The biggest point might be too big.
In the past, whenever I started refactoring something, I would pretty much always end up going on a refactoring spree, touching half of the codebase in one go. Avoid this. The chances of getting away without breaking anything is close to zero – something terrible is bound to happen when you fail to keep your refactoring scope small. Not only that, but your colleagues will also in no way appreciate your 30+ files pull requests. 🙂
One way to avoid going into a refactoring spree is to take the biggest pain point and split it into smaller, manageable pain points and move up from there.
Make use of static code analysis.
Run a static code analysis tool to get some things out of the way right from the start. There are a lot of great CLI tools out there, but I recommend going with either an IDE plugin (sonarlint) or something more robust like sonarqube.
Running a static code analysis tool allows you to quickly identify and safely refactor things like: unreachable code, unused variables, commented code, redundant variables and jumps, and more.
It won’t help you fix everything, but you’ll be off to a good start.
Writing your test suite
While a plugin like sonarlint will provide some useful suggestions on how to clean up the code a bit, from now on, every change you make should have a test backing it.
Treat your application like a black box. Focus on what gets in and what gets out. Unit tests are sexy and all, but not helpful and possible enough when you are dealing with an untested legacy application where everything is tightly coupled together. Write tests that prove the system works as a whole.
Unless you know each and every requirement, it’s a bad idea to write tests randomly, without any strategy whatsoever – it makes it that more likely to miss something and break the application. You can’t afford to test every execution path either, as it would be incredibly time-consuming.
What I like to do is go with the next best thing, which is cyclomatic complexity based testing.
Cyclomatic complexity is a software metric used to indicate the complexity of a program. It is a quantitive measure of the number of linearly independent paths through a program’s source code.Wikipedia
While cyclomatic complexity is a useful metric to keep an eye on to maintain your code to a reasonable level of complexity, it can also be helpful when figuring out what tests to write to make sure every line of code is covered. This strategy is especially useful when dealing with methods hard to follow, with lots of conditionals and neverending nesting levels.

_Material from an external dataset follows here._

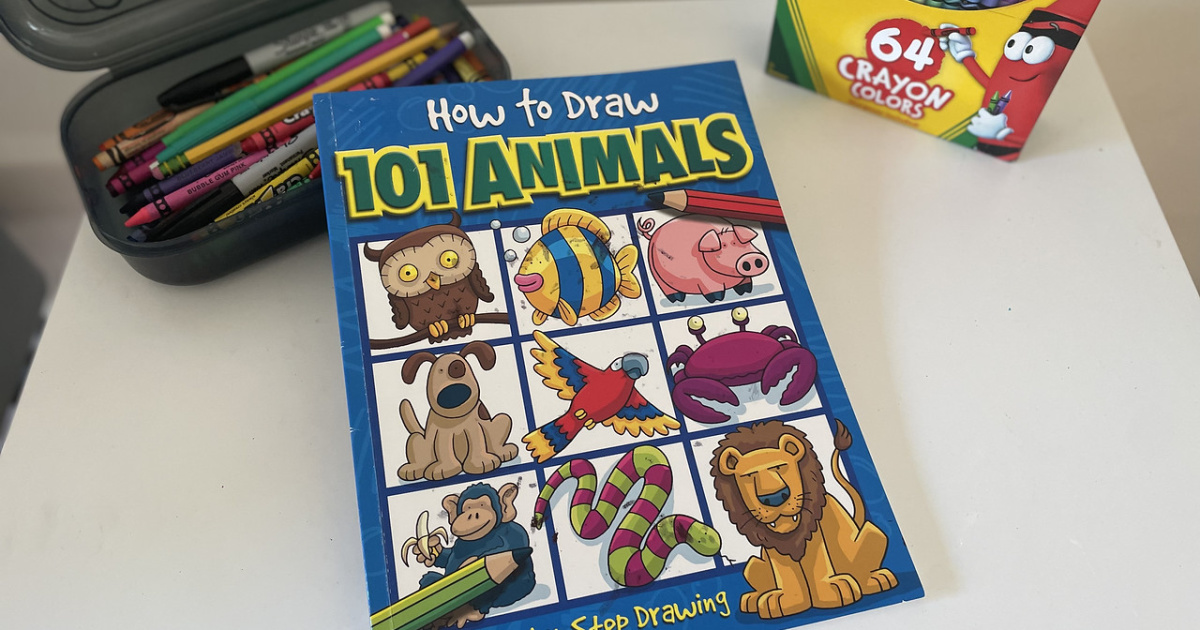 how to draw 101 animals book next to crayons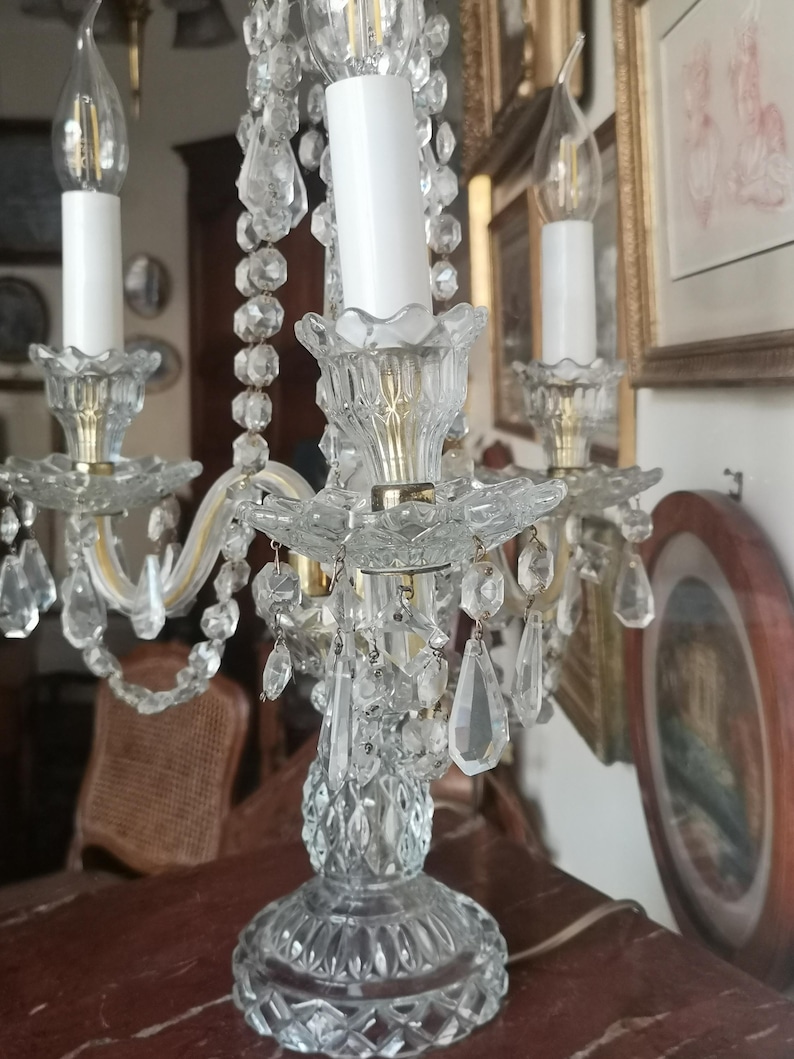May include: A crystal candelabra with three candle holders. The candelabra has a clear, faceted base and is adorned with hanging crystal beads and teardrop-shaped crystals. The candle holders are gold-toned, and the candles are white.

Following this approach ensures our tests cover every line of code, but that doesn’t necessarily mean everything works as it should be. Still, it goes a long way in that direction. Here’s a video explaining how it works.
Force yourself to ignore the weird stuff.
Sometimes when writing tests for a legacy application, you will stumble upon some weird cases. Execution paths that might happen but make no sense, or paths that should happen but they never do. Resist the temptation to do anything about them. Keep your eyes on the ball and finish what you started. Test the code as it is.
While writing those tests, you will gain a significant amount of inside knowledge on how the code works. Once your test suite is ready, take a step back and see if everything makes sense. Ask a knowledgeable product owner to help you clear any doubts you might have.
The refactoring phase
Now here, there isn’t much one can say here. Refactor the code in whatever way it makes more sense to you and your team. Y’all know the SOLID principles. Y’all know the patterns. Use them.
The only advice I can confidently give is, once you are done refactoring, log the shit out of everything. Storing logs of what goes in and what goes out is the minimum you should be doing. Log everything that could help you repair things in case something was missed during the refactoring process.
Pick important battles, but pick battles you can win. Build on top of them and clean your application one small refactoring after another. The path from an old, untested legacy codebase to one that you can live with is long and strenuous, but not impossible.